Pourquoi Marc raconte-t-il cette histoire? Il écrit sans doute une quarantaine d’années après les événements alors que le temple n’existe plus. Y a-t-il dans sa communauté de Rome, où il rédige son évangile, des chrétiens qui cherchent le pouvoir, à se faire voir? Cela serait étonnant puisque les chrétiens sont perçus comme une secte juive qu’on a exclu des synagogues. Ou s’adresse-t-il à nous aujourd’hui pour nous éviter la même hypocrisie que Jésus reprochait aux scribes et aux pharisiens? Si le chapeau nous fait, ne regardons pas ailleurs.
Le chemin de vie chrétienne décrit dans les béatitudes est d’un tout autre ordre : ‘Heureux les pauvres, les doux, les purs, les artisans de paix, les assoiffés de justice…’ On reconnaît là notre pauvre veuve.
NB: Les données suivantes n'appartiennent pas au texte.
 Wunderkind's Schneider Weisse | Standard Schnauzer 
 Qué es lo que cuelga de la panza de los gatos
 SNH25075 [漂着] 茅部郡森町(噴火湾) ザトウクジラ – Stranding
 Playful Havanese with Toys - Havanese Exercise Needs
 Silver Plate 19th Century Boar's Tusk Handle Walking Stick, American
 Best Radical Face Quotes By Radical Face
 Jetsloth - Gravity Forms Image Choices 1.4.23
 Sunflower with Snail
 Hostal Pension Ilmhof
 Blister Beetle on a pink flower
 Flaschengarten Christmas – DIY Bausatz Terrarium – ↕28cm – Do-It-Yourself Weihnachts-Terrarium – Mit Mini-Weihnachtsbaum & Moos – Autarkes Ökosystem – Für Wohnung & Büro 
Dans la simplicité de son geste, elle cadre bien avec ce peuple des anawim, ces humbles gens qui ont reconnu en Jésus l’Envoyé de Dieu.
Prenons l’exemple d’une autre veuve, celle que le prophète Élie rencontre à Sarepta. Il ne lui reste pas grand choses à manger, elle et son fils, alors qu’on lui demande de partager le peu qu’elle a. Elle n’hésite pas pourtant et Élie en fait l’éloge en lui promettant que jamais plus sa jarre manquera de farine ni son vase d’huile. Lorsqu’on a peu et qu’on est prêt à tout donner, une pluie de bénédictions vient combler notre confiance. C’est la promesse du Seigneur.
Nous jetons parfois un regard de tristesse sur la situation de notre Église. Il y a peu de prêtres et de religieuses. Ceux et celles qui restent ont atteint la vieillesse. On vend églises et presbytères; il n’y a que les cimetières qui tiennent bon. Nos assemblées sont clairsemées et les ressources financières épuisées. Mais où est notre espérance? Avons-nous perdu confiance en Dieu? Regardons plutôt les pousses nouvelles, ces bourgeons qui annoncent le printemps de Dieu. Non pas avec le prestige et l’éclat de l’histoire passée mais avec la modestie et l’humble grandeur de ce qui vient de Dieu.
Nous vivons dans un temps de purification, d’enfouissement, où il nous est rappelé que la graine déposée en terre doit mourir afin de porter des fruits d’évangile. C’est notre Samedi-Saint, comme nous le rappelait sœur Isabelle LeBourgeois cette semaine. Dans le silence se prépare la joie de Pâques où les ténèbres de nos vies verront se lever la lumière du Ressuscité. Gardons confiance et écoutons l’Esprit qui parle à notre cœur et décille nos yeux pour nous laisser découvrir l’aurore qui se lèvera.